社内のメンバーとのコミュニケーションで気をつけていることを職種別に書き出してみる(〇〇×法務)
この度、ビジネス法務さんの8月号に"他部署と作り上げる「信頼される法務」への意識"というタイトルで寄稿させていただきました。新卒で法務になれず、かなり遠い周り道をした私にとって、業界誌からお声がけをいただき、原稿を載せていただけるのは、本当に貴重な経験でした。
一方で、まだまだ執筆活動がひよっこなため、書きたいことを全て原稿に入れることができず、特に他部門のメンバーとの関わり方については、もう少し職種別で気をつけている点があるのですが、書ききれませんでした…。そこで今回は、ビジネス法務さんに書ききれなかった「社内メンバーとのコミュニケーション」について書いてみようと思います。
僭越ながらビジネス法務さんの原稿を先に読んでいただくと、より伝わりやすい記事かと思いますので、まだ読んでいない方は是非そちらを先に読んでいただけると嬉しいです!!
遅ばせながら自己紹介
LAPRASで法務部門の責任者をしています、飯田裕子です。LAPRASでは法務全般にプラスして、働く環境づくり、新入社員オンボーディング 等 興味のある仕事を欲張ってやらせてもらっています。サメが好きでお調子者な、一人法務担当です。

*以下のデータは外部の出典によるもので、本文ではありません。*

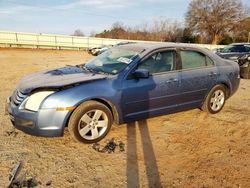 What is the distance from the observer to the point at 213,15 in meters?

気づいたら1年半、毎月noteを書き続けていました。まだ法務としての歴は2年に満たないひよっこ若造ですが、法務という仕事が好きです。
さて、本編へ!!
〇〇×法務
まずビジネス法務さんに書いたことが大前提なのですが、あえて再度整理すると、他の職種のメンバーと関わるときに気をつけているのは「契約や法令遵守はそのメンバーのメインミッションではない」ということかな?と思います。あくまで法務は「私のミッション」なので、自分のミッションに人を巻き込む以上、できるだけ相手に負担なくかつ、あわよくば「法務サービス」に対する相手の体験をよくしたいなぁと思っています。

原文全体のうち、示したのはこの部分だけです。